━━━ Material for this task

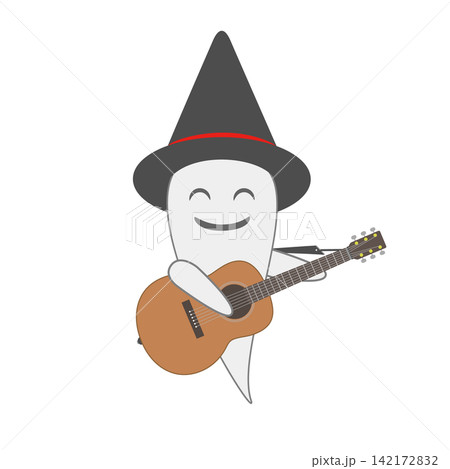 ハロウィンでギターを弾くオバケ ハロウィンでギターを弾くオバケ 142172832
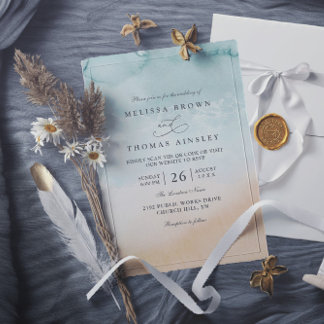 Beach Destination Elegant Modern QR Code Wedding Invitation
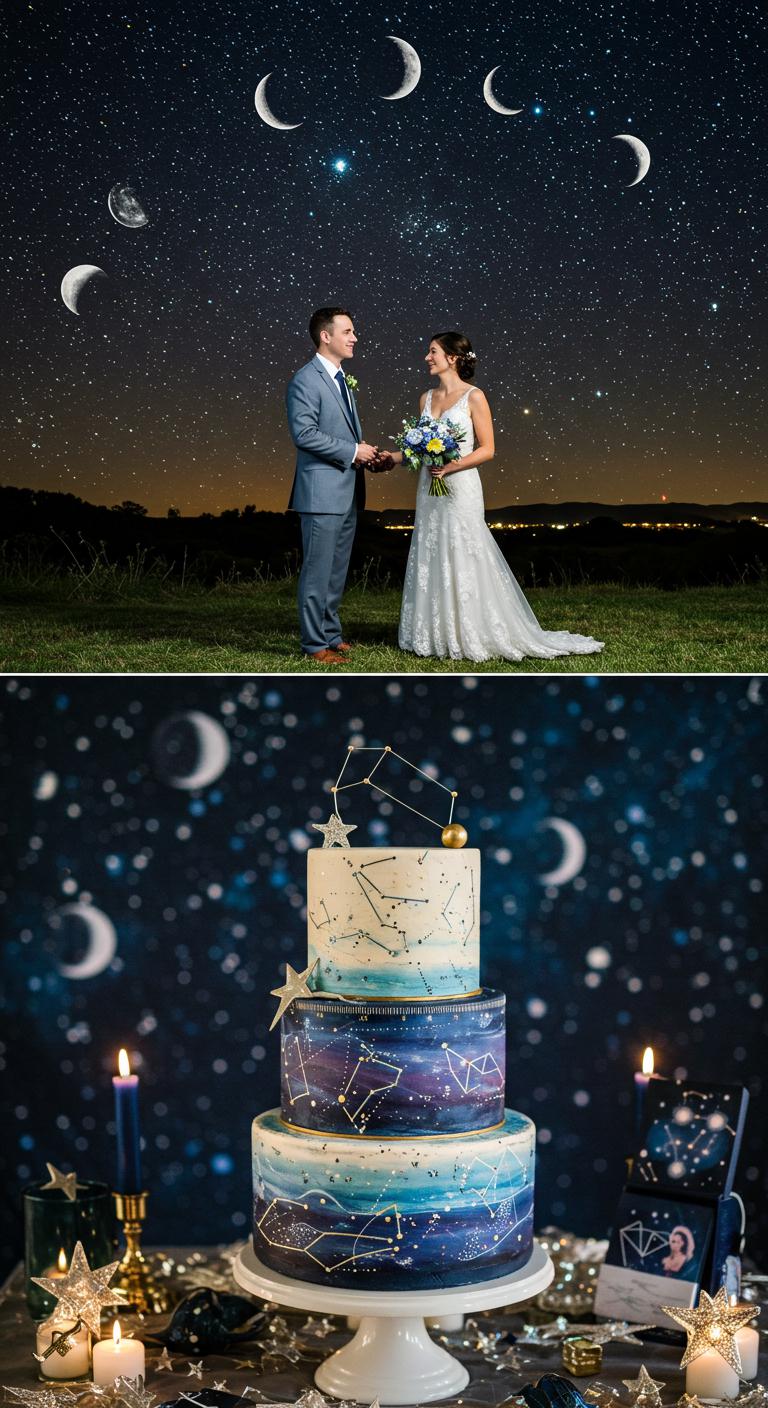 A beautifully decorated **starry night wedding cake** with **intricate constellations** and a **cosmic color palette**, surrounded by astronomical decor including twinkling stars and celestial elements. The scene captures a **romantic outdoor wedding** atmosphere under a canopy of stars, with guests receiving star-themed favors. The couple is dressed in **celestial-inspired wedding attire**, set against a **backdrop of a night sky** filled with vibrant stars and lunar phases, evoking the magic of **stargazing experiences**.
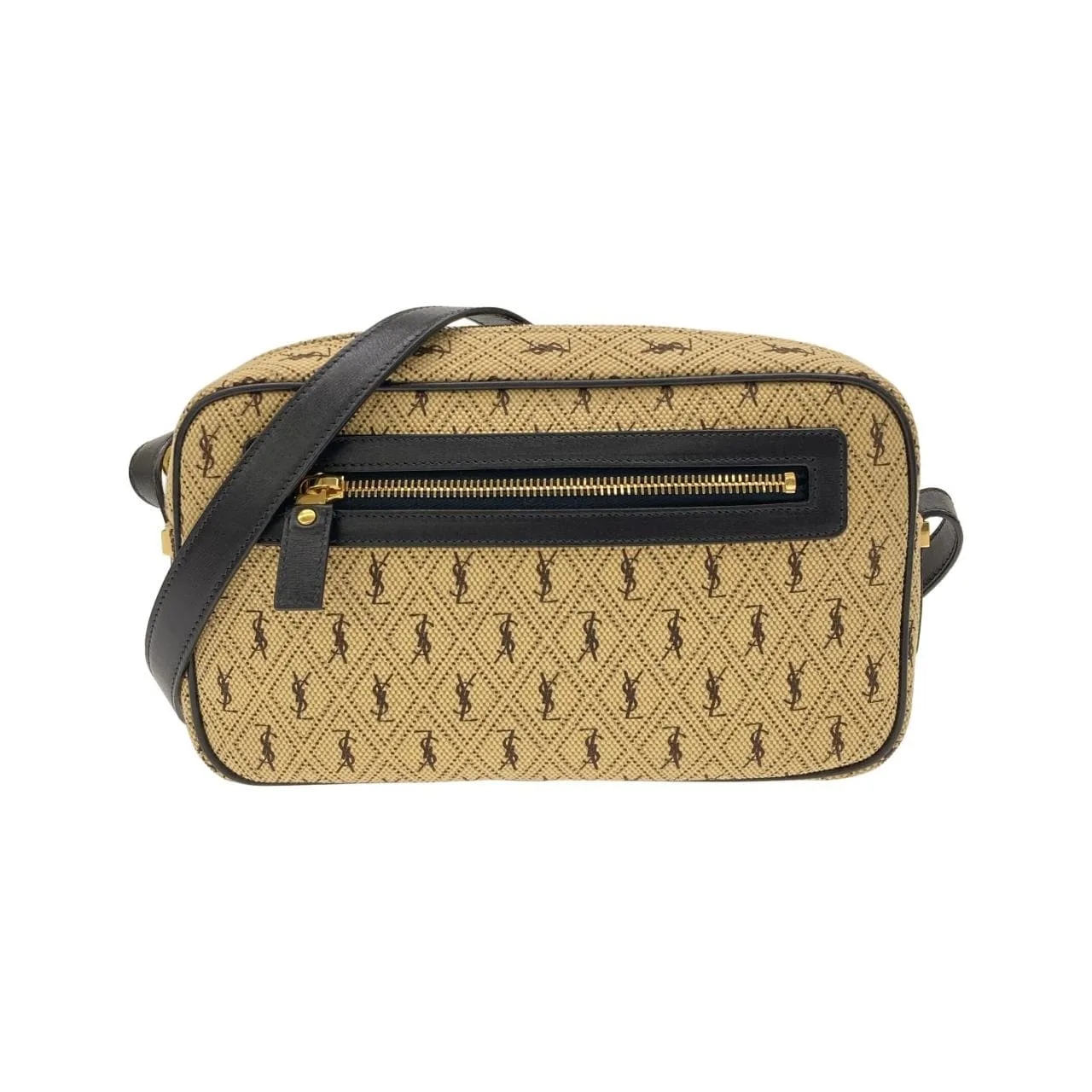 SAINT LAURENT 568608 HP41J Shoulder Canvas Black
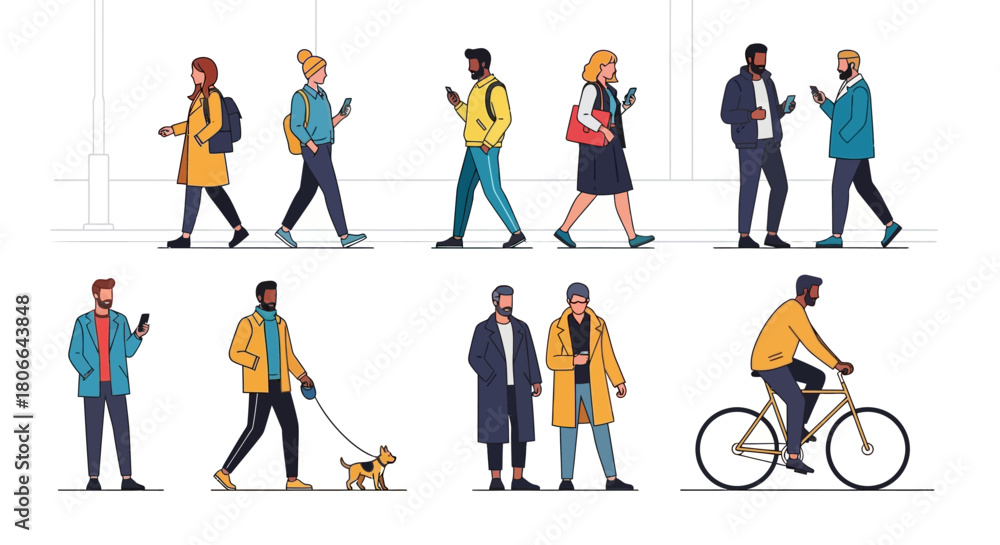 Fototapeta premium Diverse People in Various Activities Walking, Using Phones, and Cycling in Urban Settings
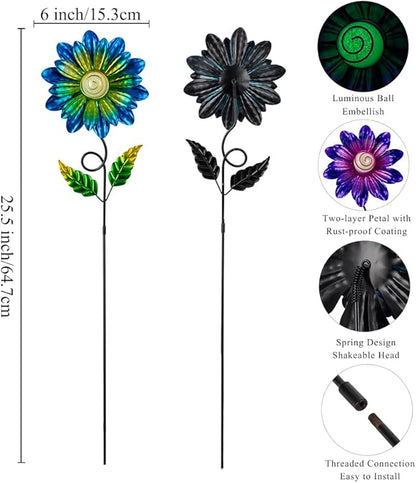 Metal Flowers for Outside, 2 Pack 25'' Flower Decorative Garden Stakes for Spring Yard Decor, Flower Yard Art for Porch Fence Landscape Pot Patio Decor (Purple & Blue)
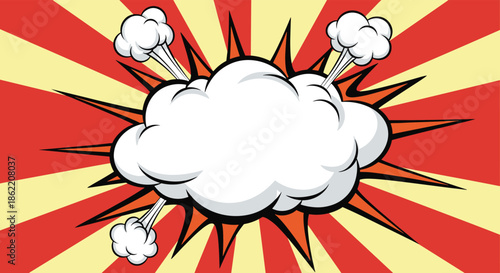 Classic pop art comic book explosion with a blank cloud for text on a red and cream retro sunburst background.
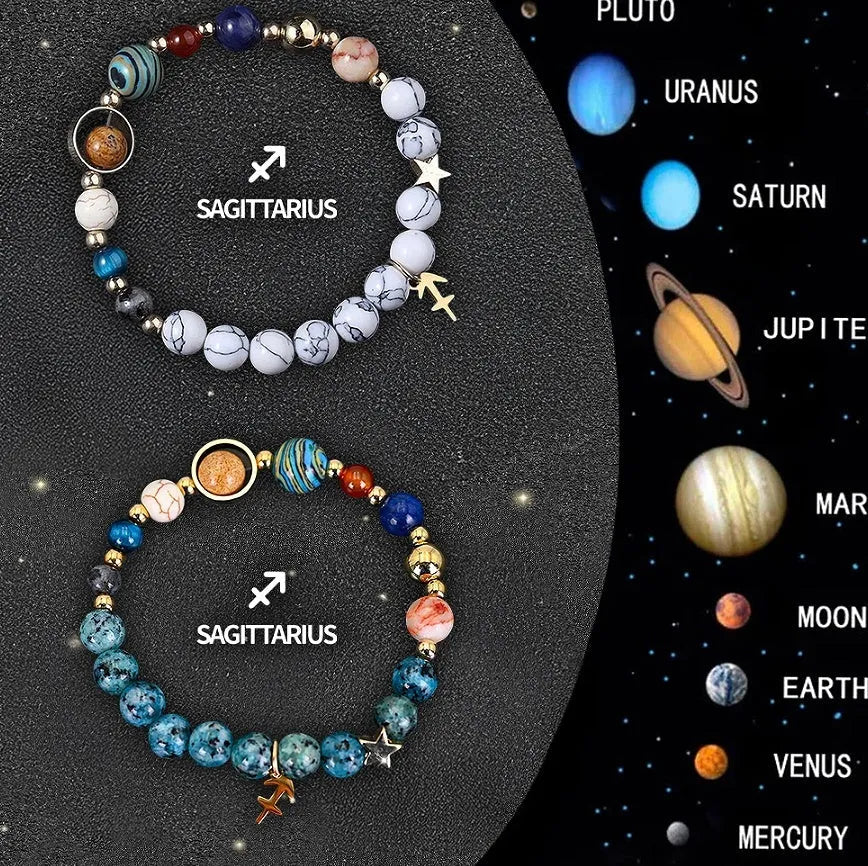 Two handmade natural stone beaded bracelets from a set of twelve zodiac sign designs.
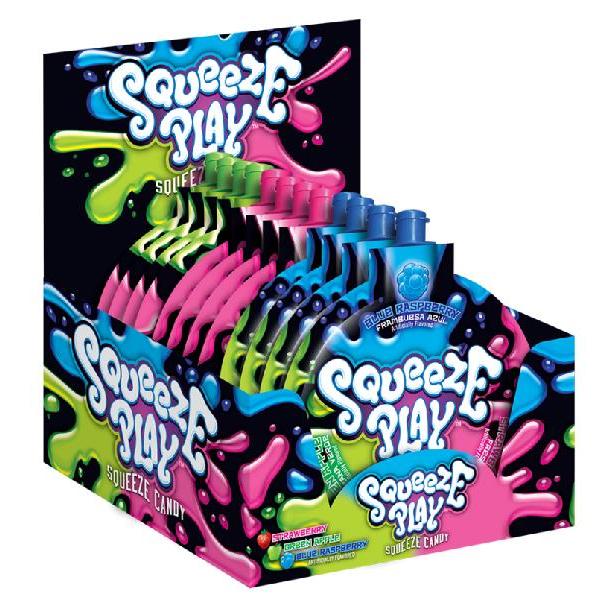 Squeeze Play Squeeze Candy Display Carton 2.1 Ounce Size - 72 Per Case.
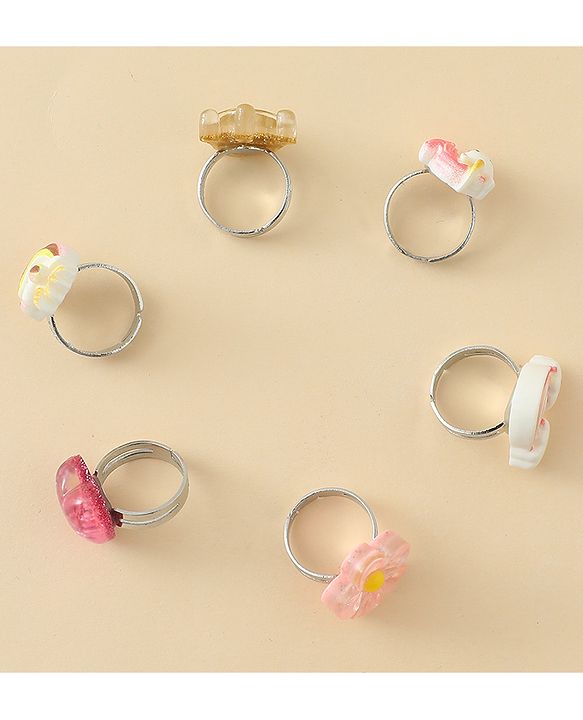 Babyhug Finger Ring Set With Floral Rainbow & Unicorn Applique Pack of  6- Multi Colour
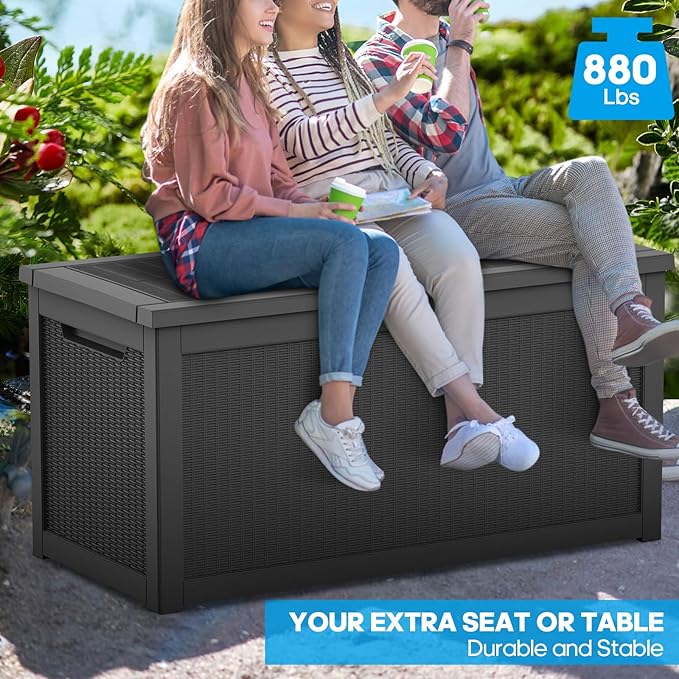 260 Gallon Outdoor Storage Box – Waterproof Deck Box for Garden & Patio,Black-VerdiqueGarden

━━━━━━

■ **Exercise prompt**
Only the text of the entries above is to be given again, exactly, with the pictures left out.

■ **Reply**
 ハロウィンでギターを弾くオバケ ハロウィンでギターを弾くオバケ 142172832
 Beach Destination Elegant Modern QR Code Wedding Invitation
 A beautifully decorated **starry night wedding cake** with **intricate constellations** and a **cosmic color palette**, surrounded by astronomical decor including twinkling stars and celestial elements. The scene captures a **romantic outdoor wedding** atmosphere under a canopy of stars, with guests receiving star-themed favors. The couple is dressed in **celestial-inspired wedding attire**, set against a **backdrop of a night sky** filled with vibrant stars and lunar phases, evoking the magic of **stargazing experiences**.
 SAINT LAURENT 568608 HP41J Shoulder Canvas Black
 Fototapeta premium Diverse People in Various Activities Walking, Using Phones, and Cycling in Urban Settings
 Metal Flowers for Outside, 2 Pack 25'' Flower Decorative Garden Stakes for Spring Yard Decor, Flower Yard Art for Porch Fence Landscape Pot Patio Decor (Purple & Blue)
 Classic pop art comic book explosion with a blank cloud for text on a red and cream retro sunburst background.
 Two handmade natural stone beaded bracelets from a set of twelve zodiac sign designs.
 Squeeze Play Squeeze Candy Display Carton 2.1 Ounce Size - 72 Per Case.
 Babyhug Finger Ring Set With Floral Rainbow & Unicorn Applique Pack of  6- Multi Colour
 260 Gallon Outdoor Storage Box – Waterproof Deck Box for Garden & Patio,Black-VerdiqueGarden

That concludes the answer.